Il fallut expliquer que la force militaire, faite de capacités techniques (les armes), tactiques et stratégiques (le savoir-faire), était vaine si elle ne s’accompagnait pas de « forces morales » bien trempées : c’était là une constante historique avérée, venue du fond des âges.
On montra qu’on entendait par là, pour l’essentiel, une disposition d’esprit reposant sur la confiance : confiance en soi, généralement indissociable de la confiance en ses camarades et en ses chefs, elle-même sécrétée par la « fraternité d’armes » sans laquelle il n’est pas de troupe valeureuse, confiance en ses armes, confiance donc en la capacité de l’unité à laquelle on appartient, à remplir sa mission avec succès.
On pouvait ajouter que, là comme ailleurs, le fait militaire ne faisait que porter à un degré de grande intensité un facteur universel de la réussite de l’action individuelle et collective : depuis « le moral » du marathonien, de l’alpiniste, du navigateur solitaire ou de l’équipe de football ou de rugby, pour le sport, jusqu’à celui des ménages, des patrons ou des entreprises pour l’économie, en passant, à vrai dire, par celui qui doit animer quiconque est engagé dans quelque entreprise que ce soit, individuellement et collectivement, tout indique qu’il s’agit là d’un puissant ressort de l’action, à vocation universelle.
Il restait à comprendre pourquoi l’expression « forces morales », frappée pour le militaire du sceau de l’évidence des réalités vécues, pouvait ainsi susciter incompréhension sinon réticence.
Au-delà de la méfiance légitime de tout esprit positif vis-à-vis de ce qui peut apparaître comme relevant de l’irrationnel et de l’émotionnel, surtout dans une perspective qui peut être jugée grégaire, il ne faut pas négliger une hypothèse, elle-même traduisant une réaction pourtant fort peu rationnelle : l’homonymie du « moral » avec la « morale » n’affecterait-elle pas la notion de « forces morales » d’une suspicion de parenté avec « l’ordre moral » ?
Mais peu importe la validité de l’hypothèse.
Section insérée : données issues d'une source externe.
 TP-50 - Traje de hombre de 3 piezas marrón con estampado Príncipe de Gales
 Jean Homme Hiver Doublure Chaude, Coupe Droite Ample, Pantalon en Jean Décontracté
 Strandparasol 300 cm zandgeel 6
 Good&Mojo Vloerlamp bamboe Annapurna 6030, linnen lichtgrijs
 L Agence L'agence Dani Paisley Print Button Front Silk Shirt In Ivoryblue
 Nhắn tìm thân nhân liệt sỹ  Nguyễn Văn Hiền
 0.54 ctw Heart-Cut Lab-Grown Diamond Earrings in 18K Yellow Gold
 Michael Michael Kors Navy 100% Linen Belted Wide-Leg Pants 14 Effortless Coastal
Il surgit de ce rapprochement une question qui ne vient pas spontanément à l’esprit des familiers des « forces morales », mais qui, à la réflexion, n’est pas sans intérêt pour la problématique du « moral » : en quoi « moral » et « morale » sont-ils en relation ?
Autrement dit, en quoi cette « disposition temporaire à supporter plus ou moins les dangers, les difficultés » qu’est « le moral » selon le Robert, est-elle en relation avec « l’ensemble des règles de conduite considérées comme valables, de façon absolue », qu’est « la morale1 » selon les mêmes sources ?
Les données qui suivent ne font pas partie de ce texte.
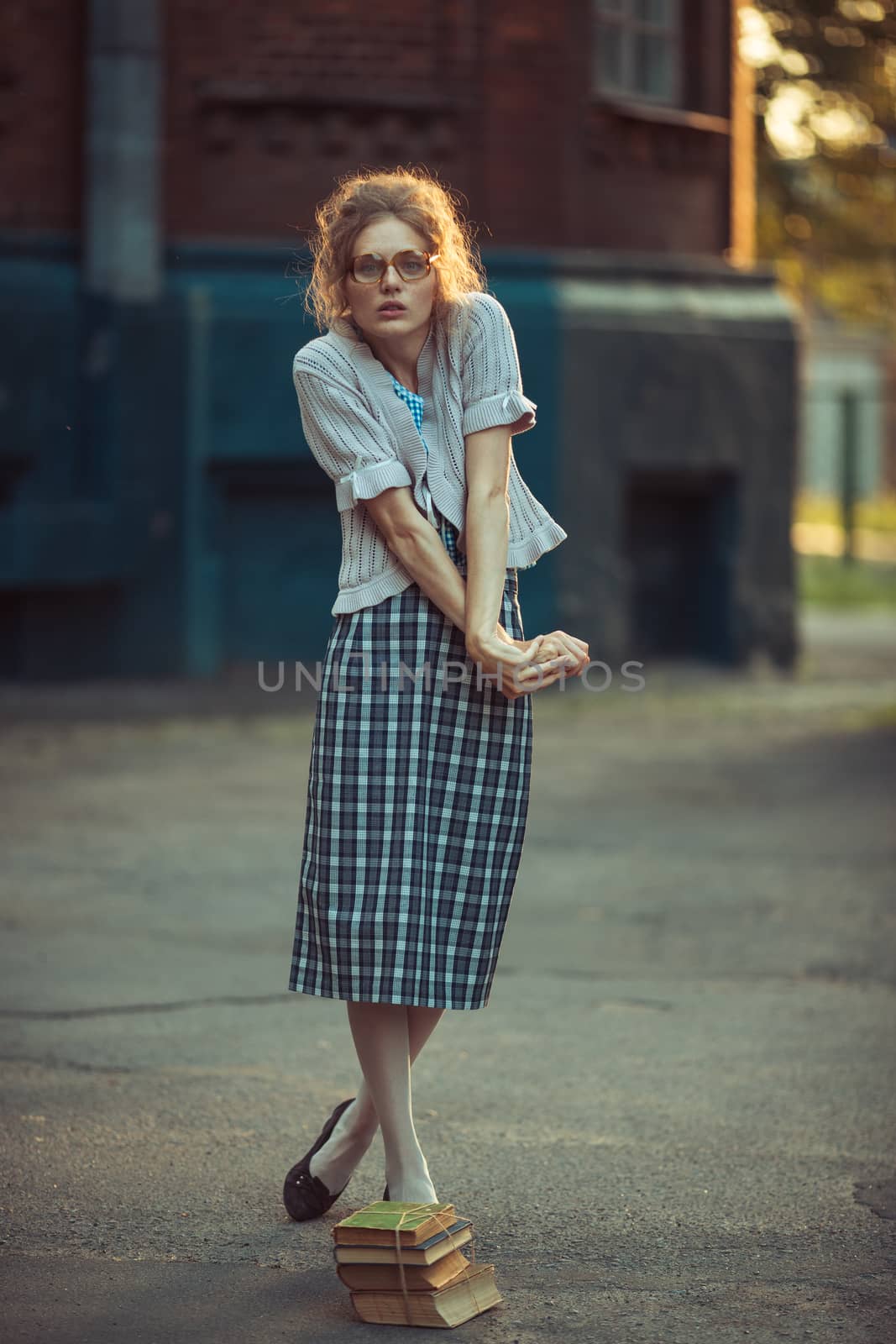 Funny girl with glasses and a vintage dress by vlad_star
La question n’est pas académique, dès lors qu’on l’aborde en partant de l’expérience concrète.
En effet, dans la pratique, chez les militaires, on entend souvent dire de quelqu’un dont on veut souligner l’excellence du « moral », qu’il « n’a pas d’états d’âme ».
L’expression familière, « états d’âme », veut qualifier, en l’occurrence, un sentiment de trouble psychologique, une hésitation, un questionnement, une irrésolution, parfois un tourment, face à une décision, prise ou à prendre, une action engagée ou à engager. Elle est clairement, dans l’usage, synonyme de déficience « du moral ».
Or, par quoi ce trouble peut-il être provoqué sinon par la difficulté à mettre en adéquation ses représentations mentales et la réalité dans laquelle on doit agir ?
Autrement dit, est génératrice « d’états d’âme » une situation d’incohérence, donc de conflit potentiel, entre, notamment, ce à quoi l’on croit et ce que l’on a fait ou ce que l’on doit faire ; en fait, entre les valeurs de référence, donc « la morale » selon la définition précitée, et l’action.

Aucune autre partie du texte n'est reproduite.